[Captioned web images]

• • •

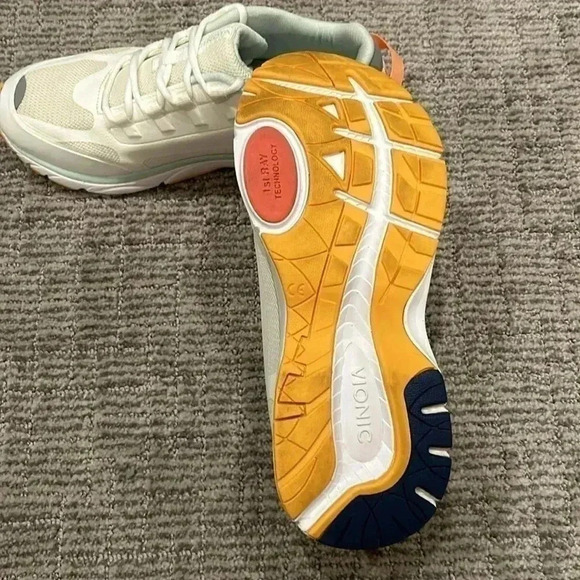 Vionic Edin White Sneakers - Picture 5 of 7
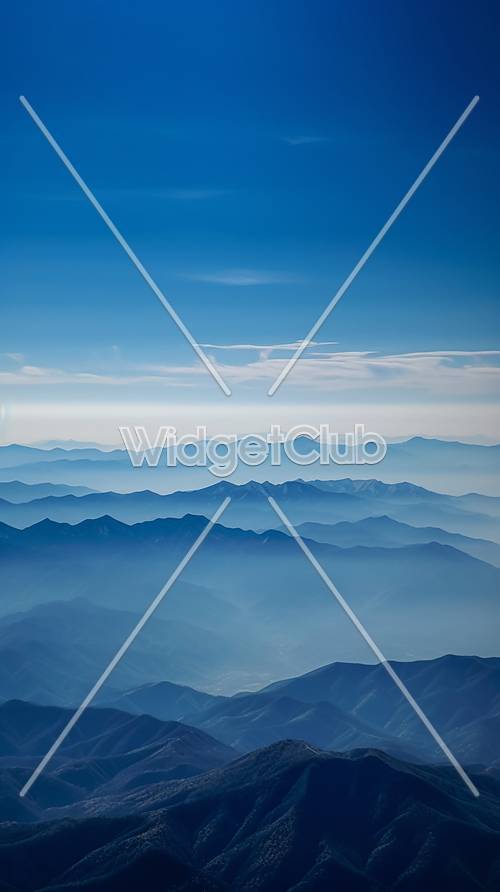 Gökyüzünde Katmanlı Puslu Mavi Dağlar
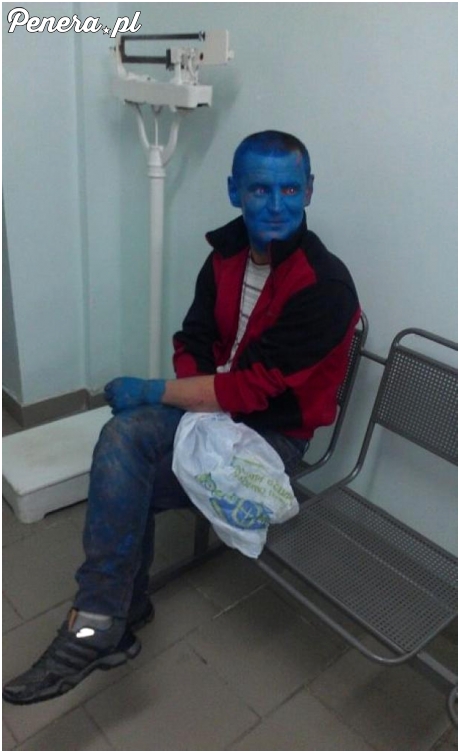 Prawdziwy smerf u lekarza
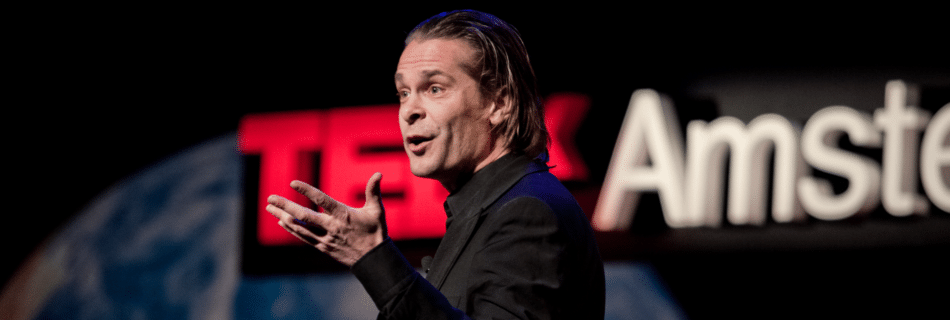 Hans Teeuwen - Foto: TEDxAmsterdam [CC BY-SA (https://creativecommons.org/licenses/by-sa/2.0)]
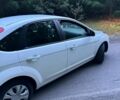 Білий Форд Фокус, об'ємом двигуна 1.6 л та пробігом 243 тис. км за 4500 $, фото 3 на Automoto.ua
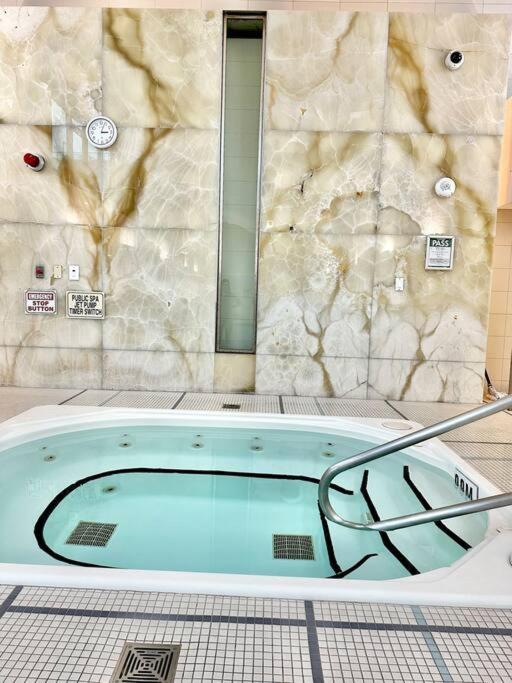 Lake View Apartment W/Parking! トロント エクステリア 写真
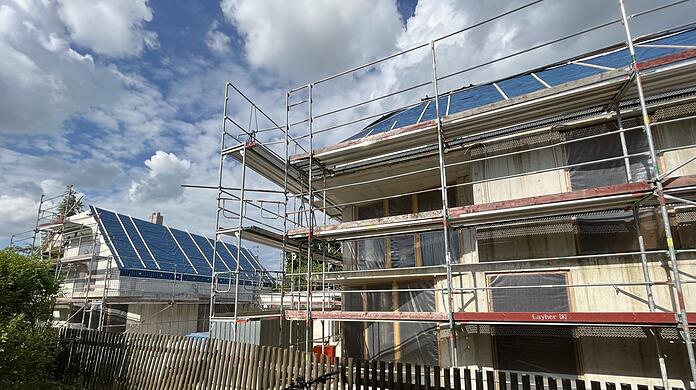 Stillstand: Auch hier in Milbertshofen sollten 31 Wohnungen längst fertig sein. Bislang steht nur der Rohbau, die Arbeiter sind weg. Der Münchner Bauträger hat Insolvenz angemeldet.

• • •

Please repeat the records above exactly, leaving every picture out.

 Vionic Edin White Sneakers - Picture 5 of 7
 Gökyüzünde Katmanlı Puslu Mavi Dağlar
 Prawdziwy smerf u lekarza
 Hans Teeuwen - Foto: TEDxAmsterdam [CC BY-SA (https://creativecommons.org/licenses/by-sa/2.0)]
 Білий Форд Фокус, об'ємом двигуна 1.6 л та пробігом 243 тис. км за 4500 $, фото 3 на Automoto.ua
 Lake View Apartment W/Parking! トロント エクステリア 写真
 Stillstand: Auch hier in Milbertshofen sollten 31 Wohnungen längst fertig sein. Bislang steht nur der Rohbau, die Arbeiter sind weg. Der Münchner Bauträger hat Insolvenz angemeldet.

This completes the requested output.